START DATA BLOCK

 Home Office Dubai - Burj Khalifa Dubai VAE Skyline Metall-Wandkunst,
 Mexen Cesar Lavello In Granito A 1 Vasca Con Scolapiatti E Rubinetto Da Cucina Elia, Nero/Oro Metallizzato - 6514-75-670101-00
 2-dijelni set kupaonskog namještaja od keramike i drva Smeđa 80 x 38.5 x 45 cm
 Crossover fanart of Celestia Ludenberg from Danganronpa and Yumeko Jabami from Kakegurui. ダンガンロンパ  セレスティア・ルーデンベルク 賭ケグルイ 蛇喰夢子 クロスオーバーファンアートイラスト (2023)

END DATA BLOCK

Retype the listing above word for word.

 Home Office Dubai - Burj Khalifa Dubai VAE Skyline Metall-Wandkunst,
 Mexen Cesar Lavello In Granito A 1 Vasca Con Scolapiatti E Rubinetto Da Cucina Elia, Nero/Oro Metallizzato - 6514-75-670101-00
 2-dijelni set kupaonskog namještaja od keramike i drva Smeđa 80 x 38.5 x 45 cm
 Crossover fanart of Celestia Ludenberg from Danganronpa and Yumeko Jabami from Kakegurui. ダンガンロンパ  セレスティア・ルーデンベルク 賭ケグルイ 蛇喰夢子 クロスオーバーファンアートイラスト (2023)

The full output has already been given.